A particularly interesting verse, found in the second section, verse 30:3 has confounded Biblical commentaries for centuries. This verse repeating the word “v’shav” twice seems to render a redundancy which is a typical of Biblical text. Throughout the centuries scholars have been challenged by this redundancy and have offered a variety of interpretations which would explain the redundancy of the term “v’shav”.
Many of the commentaries interpreted the meaning of the text to fit in with current events. Rashi, who lived during the first Crusades, understood the repetition of the word “v’shav” to indicate that God is with Israel whether they are in the Land of Israel or in Galut, He is, according to Rashi, with Israel even in their time of pain and suffering. The Abarbanel witnessed the Spanish Inquisition, and interpreted the repetition of “v’shav” within the reality that he lived. The Jewish people in Spanish Europe were basically split into two groups: Those who refused to compromise their faith and those who publicly renounced their faith while privately practicing their faith. The Abarbanel believes that the mentioning of “V’shav” twice refers to and represents these two troubled suffering communities of Jews.
Another interpretation explaining the doublet of “v’shav” is perhaps found in Rashi’s alluding to the difficulty in redemption. The Jewish people are made up of the collective but also recognized for each individual.

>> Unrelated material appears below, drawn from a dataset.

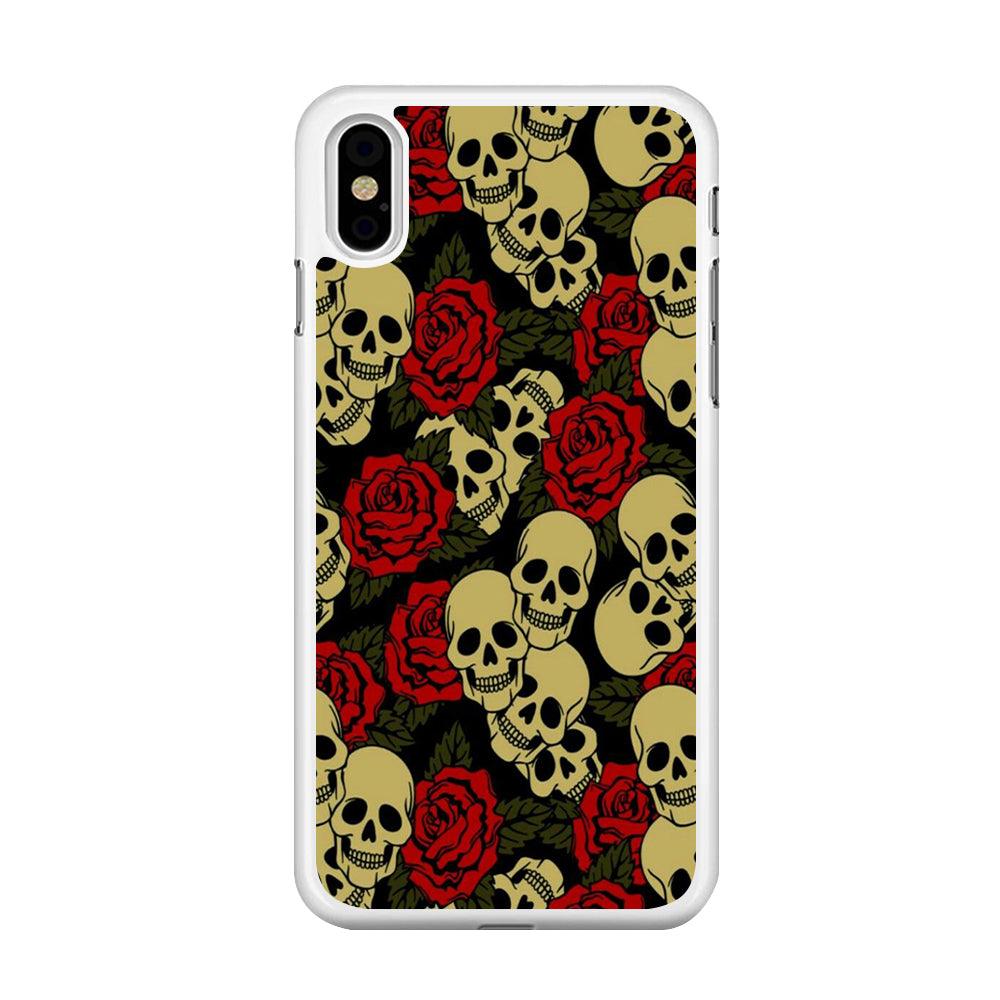 Motif Skull and Rose iPhone Xs Max Case-Rubber / White (2D Case)-Xtracase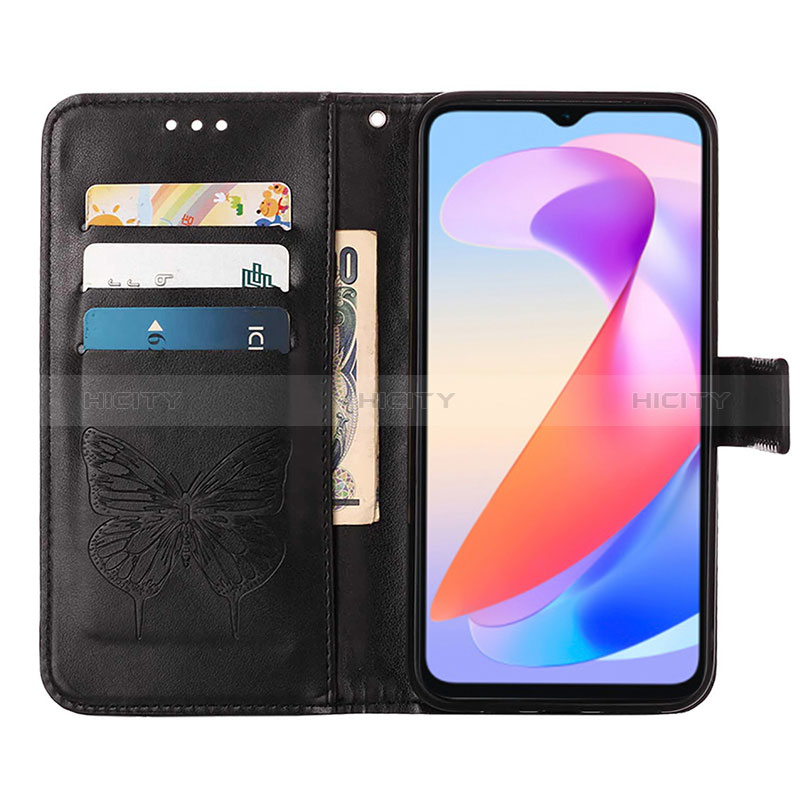 Handytasche Stand Schutzhülle Flip Leder Hülle Schmetterling YB1 für Huawei Honor X6a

The Talmud Yerushalmi, Berachot (4: a), refers to the redemption as “kimaa kimaa”, slow, arduous and one by one. Perhaps the redundancy of “v’shav” represents the community of Israel as well as the individual. The trouble that Rashi may have been referring to can be the difficulty the individual has of coming to terms with who he is and his relationship to his God. There isn’t a uniform principle we can apply to arrive at these truths, each of us has to come to it on his own terms and in his own time.